In many ways, however, the best is left for last. At the end of the book, as if huddled together for   mutual support, there’s a selection of  Music Hall and Trench Songs – the bawdy, irreverent and satiric songs, so peculiarly British, that buoyed the Tommies’ spirits even as they lay in the freezing mud. In his introduction to this final section, Tim Kendall tells us that Ivor Gurney’s regiment sang “I Want to Go Home” in the midst of heavy bombardment:

I want to go home, I want to go home.
I don’t want to go to the trenches no more,
Where whizzbangs and shrapnel they whistle and roar.
Take me over the sea, where the Alleyman can’t get at me.
Oh my, I don’t want to die, I want to go home.

I want to go home, I want to go home.
I don’t want to visit la Belle France no more,
For oh the Jack Johnsons they make such a roar.
Take me over the sea, where the snipers they can’t get at me.
Oh my, I don’t want to die, I want to go home.

It was not, Gurney admitted, a brave song, ‘but brave men sing it’.

Of all the (many) books I’ve read over the years about the war poets and the poetry of war, I think this one comes the closest to capturing the breadth and depth of that extraordinary burst of creativity engendered by The War to End All Wars.
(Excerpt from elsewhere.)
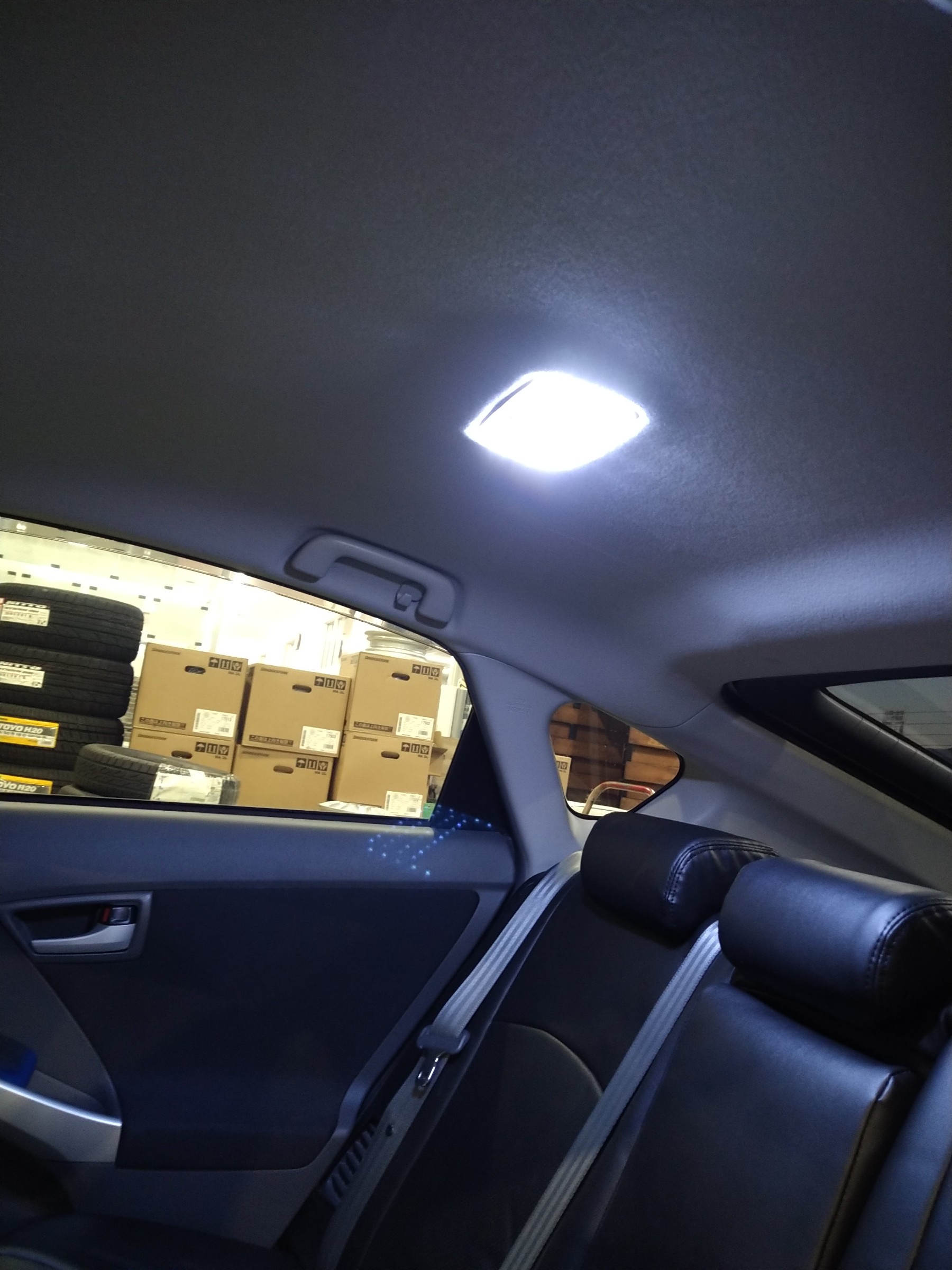 車内ルームライト Led交換で超明るい トヨタ プリウス その他 パーツ取付 各種用品取付 サービス事例 タイヤ館 次郎丸 タイヤからはじまる トータルカーメンテナンス タイヤ館グループ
If pushed to recommend that one book of war poetry – I no longer feel I could do it, because this anthology now sits beside The Winter of the World on my bookshelf – as its complement and companion.

Hardback: OUP OXford. 2013. ISBN: 978-0-19-958144-3. 368pp.
Paperback: OUP Oxford. 2014. ISBN: 978-0-19-870320-4. 368pp.
Also in ebook format.

8 comments on “Poetry of the First World War: An Anthology

  1. Christine A
    November 11, 2014
  2. sshaver
    November 11, 2014

    As a writer, I’m wondering why that “I want to go home” seems more unbearably sad than all the other poems (also sad).

  3. Moira
    November 11, 2014

    You aren’t alone. It had exactly the same effect on me. That’s why I quoted it in full. And knowing that they actually sang it, under bombardment, in the trenches …

  4. Moira
    November 11, 2014

    And there’s a childish simplicity about it too, isn’t there? They’d love to just run back home … who wouldn’t? … but they can’t.

  5. Hilary
    November 11, 2014

    Thanks so much for this review, Moira – without it might have thought I already have enough WWI poetry on my shelves, but the thoughtful decisions that have gone into the arrangement of this anthology make it sound essential. And the addition of the trench songs marks it out too.

  6. Jackie
    November 11, 2014

    This sounds like an excellent collection and I’m glad they included so many less known poems. The music hall songs is an interesting touch, and probably more immediate than some of the poems. I cannot imagine singing and shooting simultaneously, there’s a defiance there that is impressive.
    What a perfect book to do on this day.

  7. Helen
    November 14, 2014

    Oh, I’m sold! I was jaded by war poems having overdone some of them at school a good few years back, but the extracts here, and the reminders of some of those names, and your evident enjoyment of the book – they’ve stacked up together and made me want it badly.
    Thank you for re-opening my horizons and encouraging me to add to my list.

  8. Caroline Davies
    September 20, 2015

    Tim Kendall’s book is on my ‘to read’ list so I was interested in your review. Do please read David Jones’ In Parenthesis if you haven’t already. It is a long poem and not the easiest of reads but well woth perserving with.